**Aim of the task**
What is needed is an exact copy of the lines in the entries below from the one holding "Living room with" through the one holding "Crowd in blue", pictures excluded.

-------- Supplied entries --------

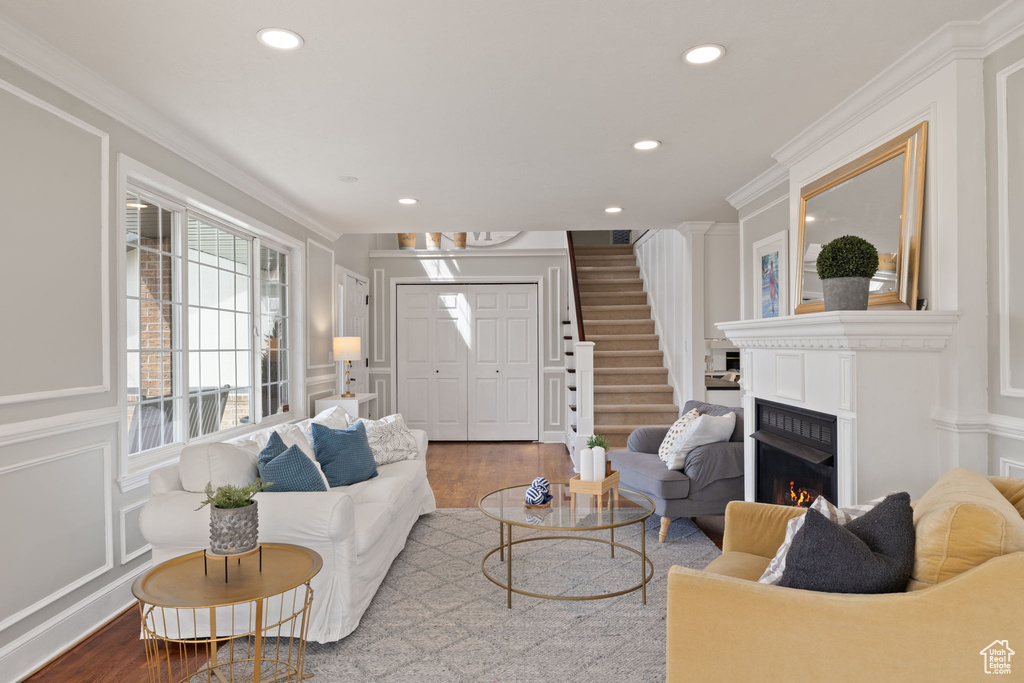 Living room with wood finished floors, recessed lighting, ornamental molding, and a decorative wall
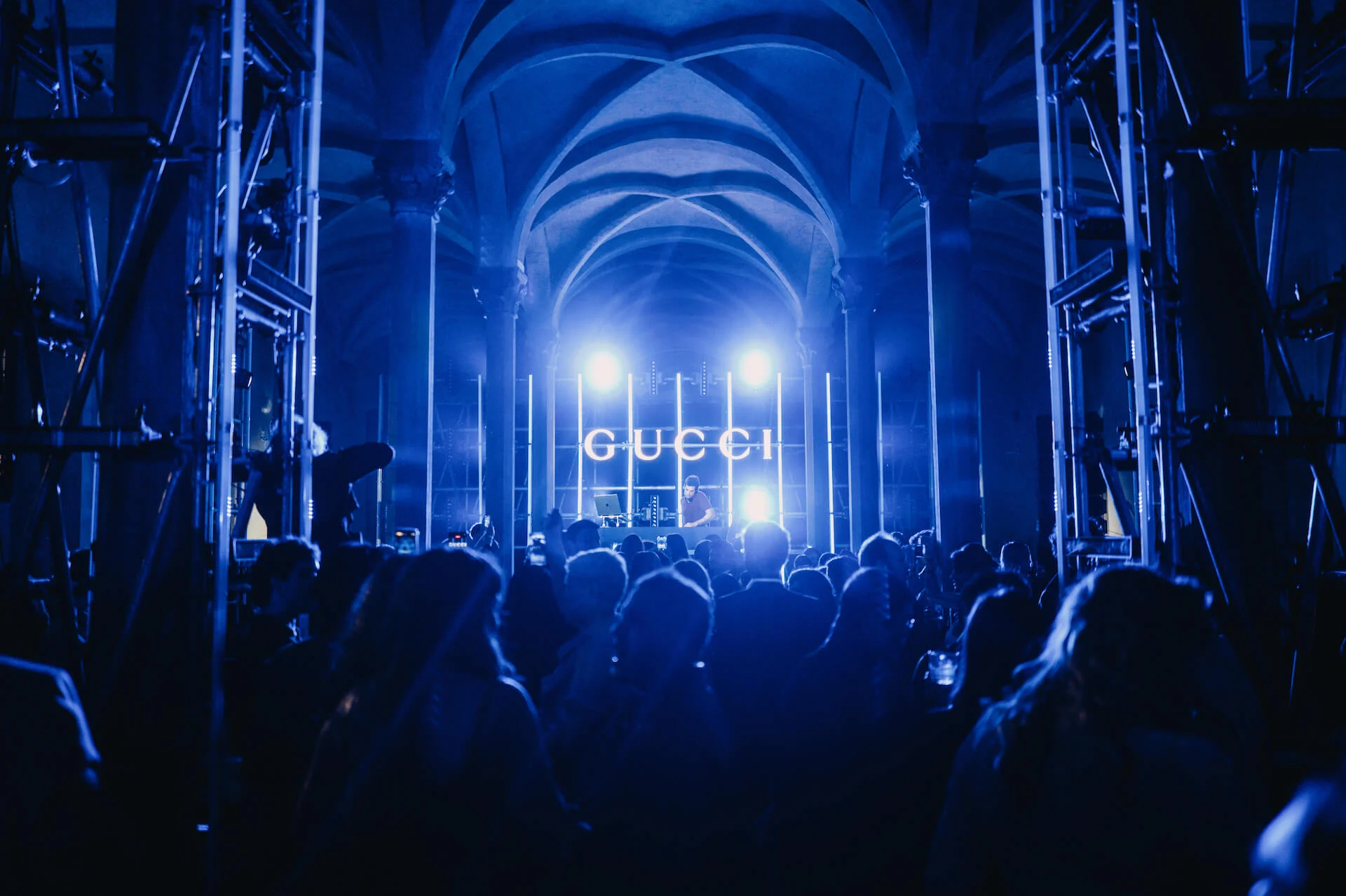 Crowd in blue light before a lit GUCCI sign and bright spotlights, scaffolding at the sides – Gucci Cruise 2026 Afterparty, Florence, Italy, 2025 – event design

--------
-------- Supplied entries --------

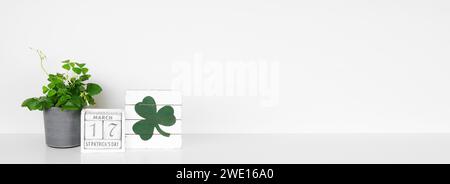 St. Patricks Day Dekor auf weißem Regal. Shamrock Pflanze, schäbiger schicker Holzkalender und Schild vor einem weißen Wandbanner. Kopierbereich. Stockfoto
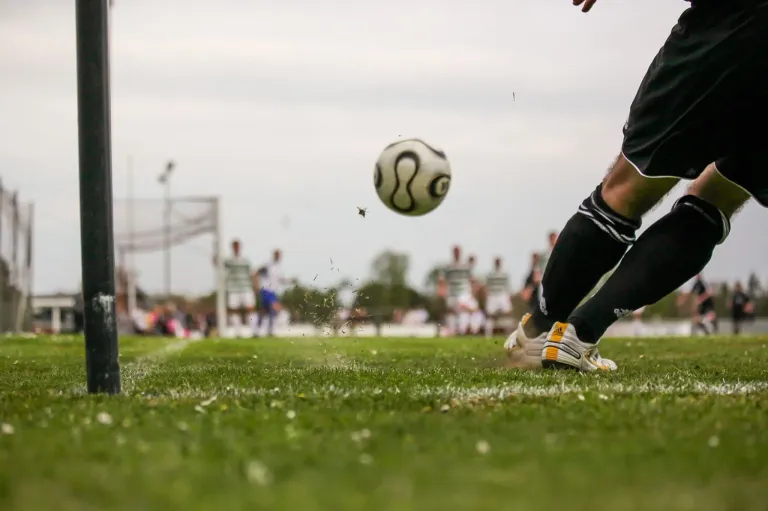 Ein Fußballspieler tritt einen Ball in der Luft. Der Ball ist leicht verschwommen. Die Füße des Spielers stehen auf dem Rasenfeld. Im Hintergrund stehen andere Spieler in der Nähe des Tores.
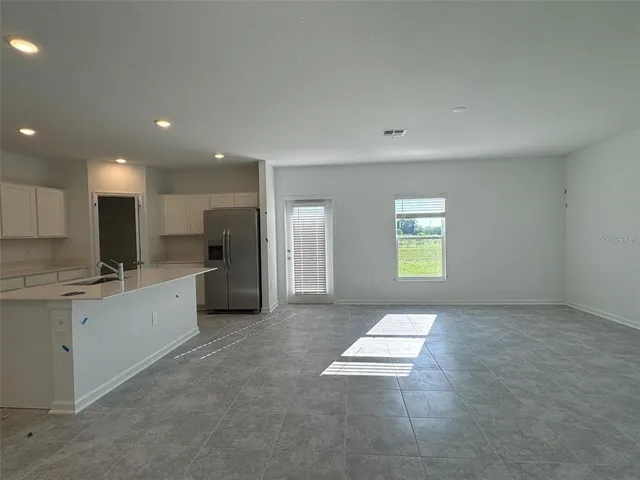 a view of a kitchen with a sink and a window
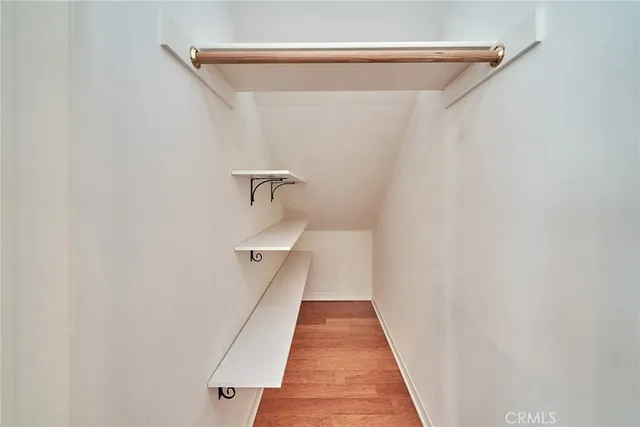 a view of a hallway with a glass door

--------
-------- Supplied entries --------

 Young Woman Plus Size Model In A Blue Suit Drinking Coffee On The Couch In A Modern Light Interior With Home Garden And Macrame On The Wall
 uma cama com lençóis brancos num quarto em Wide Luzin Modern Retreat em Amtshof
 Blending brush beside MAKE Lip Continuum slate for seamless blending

--------

**Task response**
 Living room with wood finished floors, recessed lighting, ornamental molding, and a decorative wall
 Crowd in blue light before a lit GUCCI sign and bright spotlights, scaffolding at the sides – Gucci Cruise 2026 Afterparty, Florence, Italy, 2025 – event design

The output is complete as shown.